How we Make a Podcast

A focus on preparation, attention to detail & quality equipment are the keys to our success

Planning & Preparation

The general arrangement is that Steve handles the production side of things, while Grant maintains the website and IT stuff. Grant also gathers the bulk of the stories we cover, and arranges the interviews.

We operate a planning system using Media Wiki installed on our server. Links to articles, planning ideas, interview subjects – anything that needs to be collated – goes into this system and is sorted through & arranged prior to recording. Normally, an hour or two of planning occurs before the record button is pressed.

Recording the show

A typical news episode of about 90 minutes takes two hours or more to record. The raw audio files are then loaded into the editing software and the arduous edit process begins. This process is described further below.

Equipment

The early episodes (one through six) were produced using basic PC microphones running directly into our computers, but we pretty quickly decided that better audio quality was a goal worth pursuing.

We did a lot of searching around for a setup that gave better quality, but at a price that didn’t send us bankrupt. We spent a lot of time talking to Max Flight from the Airplane Geeks Podcast and Cliff Ravenscraft from the Podcast Answerman show, and finally decided on the equipment we needed.

Our shows are recorded using Skype. We set up a conference call, hosted at Steve’s end, and record the audio as a WAV file. Steve uses a Dell Studio XPS7100 system to run the planning page, browse websites, and cue up sound clips and effects. The conference call is hosted on an Acer laptop. Both systems run Windows 7. The audio clips & sound effects are cued up with Pod Producer.

Grant uses a MacBook and an Acer EEE PC running Ubuntu Linux.  He generally comes in via Skype and we often refer to his place as the “West Studio”.  Increasingly though, Grant makes the trek through the suburbs to Steve’s place for a live recording.

Grant uses a  Behringer C-1 Studio Microphone while Steve uses(and highly recommends) a Heil PR40. All audio is fed into a Yamaha MW-10C studio mixer. A “mix minus” feed is sent back to the laptop, and a stereo feed is sent to a Zoom H2 digital audio recorder.

PCDU Studio

Recording in the Field

Both Grant & Steve have their own Zoom H2 handheld recording devices and love them. The audio quality is great, the features are suitable and they’re very portable. Grant also has a kneeboard rig that he attaches his to when recording in flight audio. It has lots of bands to keep it in place, even when pulling over +6/-1.5 Gs (he’s eager to see if it’ll stand more).

Mobile Studio

For aviation events where sufficient space is available, we have a mobile studio kit complete with studio microphones, Behringer 802 mixer, recording & computer equipment. This allows us to interview guests in a more comfortable setting, and produce content while still in the field. We also have access to up to 13 weather proof speaker towers which allow us to broadcast interviews & pre recorded content at any given event. If you’d like us to attend your next aviation event, call Grant on 0422 914 949.

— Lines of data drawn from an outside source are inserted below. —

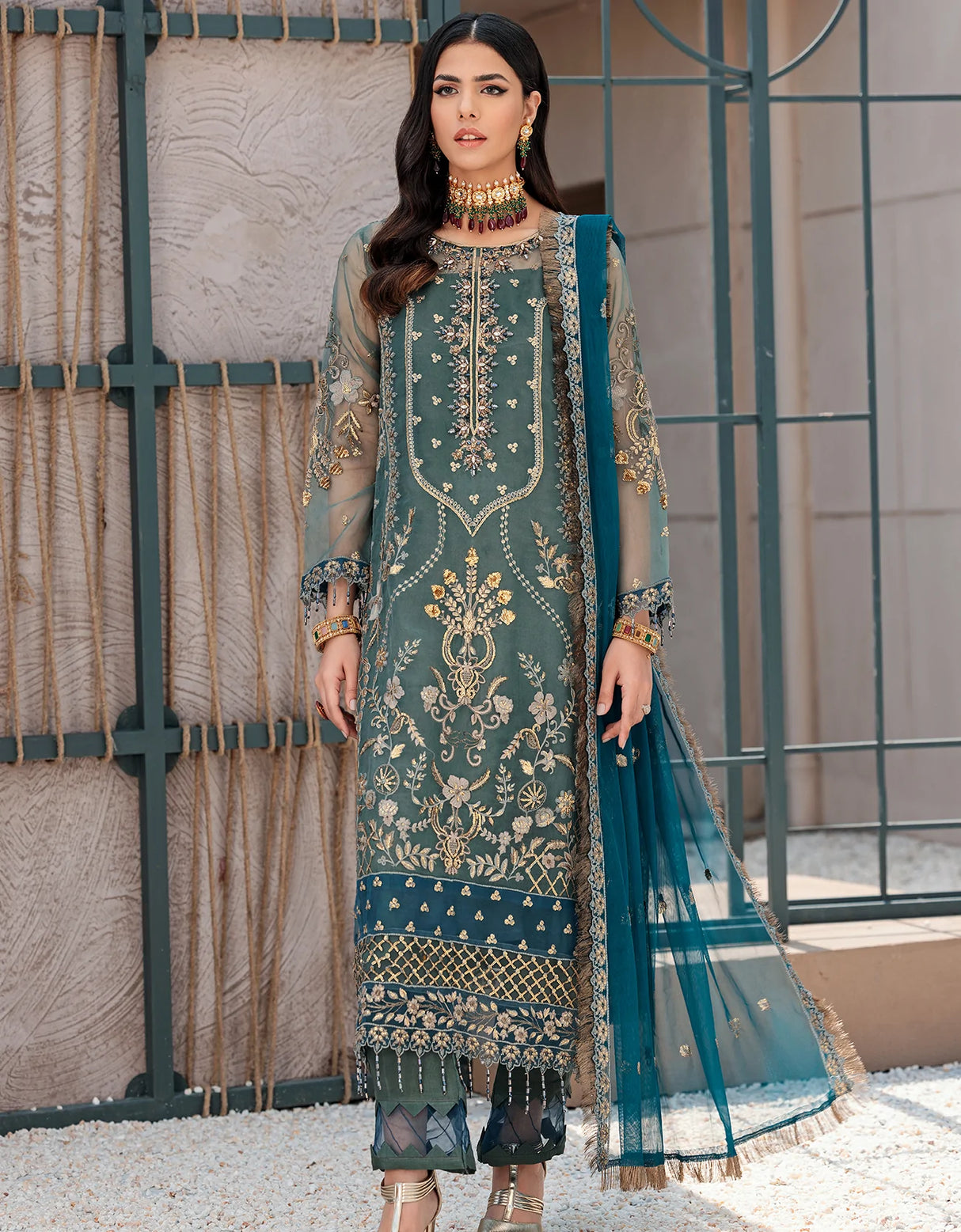 Nafasat By Emaan Adeel Embroidered Chiffon Collection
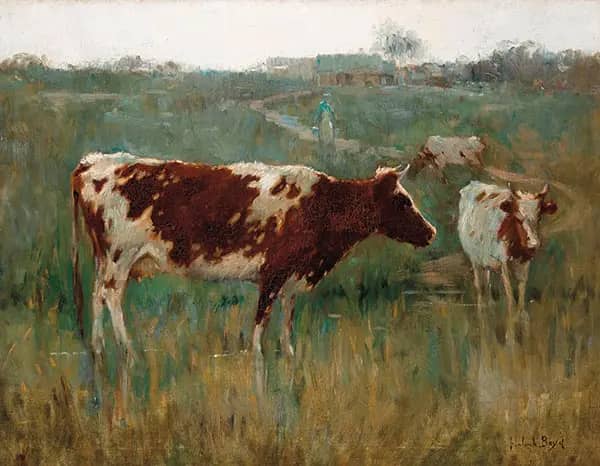 Milking Time at Heidelberg by Penleigh Boyd | Oil Painting Reproduction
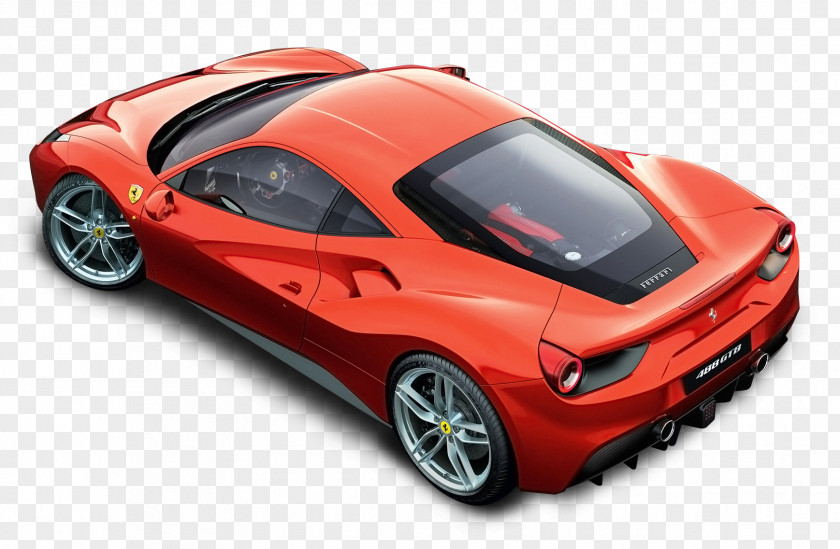 Red Ferrari Top Car 488 GTB 458 PNG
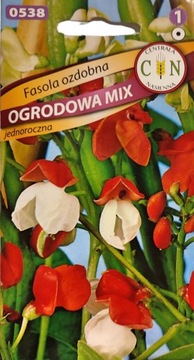 Fasola Ozdobna mix na płoty pergole altany balkony długo kwitnie nasiona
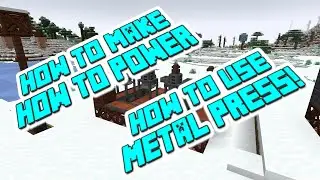 How to Make Power and Use Metal Press Immersive Engineering EP 10 Minecraft 1.20 #minecraft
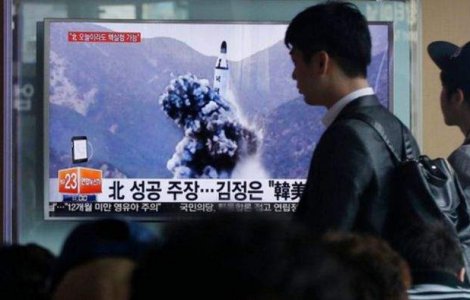 Testul balistic efectuat de Coreea de Nord pare sa fi esuat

The team with the mobile studio at Coldstream

Editing the raw Data

The raw WAV files are first run through a program called Levelator which balances audio levels, then imported into Adobe Audition III for editing. This can take many hours as gaps are removed, “Ums & Ahhs” are eliminated, general chat and bloopers erased, and so on. During this stage, further processing is done on levels including noise reduction, compression & hard limiting, then interviews and various segments are spliced in. Once the body of the show is done, intro & exit music clips are added, along with our famous disclaimer clip, the blooper track (if one has been compiled) is tacked on the end, and the show is almost ready to go.

All the tracks are then mixed down into a mono mp3 file at 96kbps. Steve then performs a quality control check to make sure everything has mixed into the correct spot, and no previously un-noticed gaps have found their way in. Once passed, the file is imported into iTunes where ID3 tags & album art are added. Then a final check is performed and its uploaded to our server for release.

 

Publishing

When the server file upload is complete, Grant writes up the show notes, links in the MP3 file and publishes the new episode to the world!

There….simple, eh?? Who said this was difficult??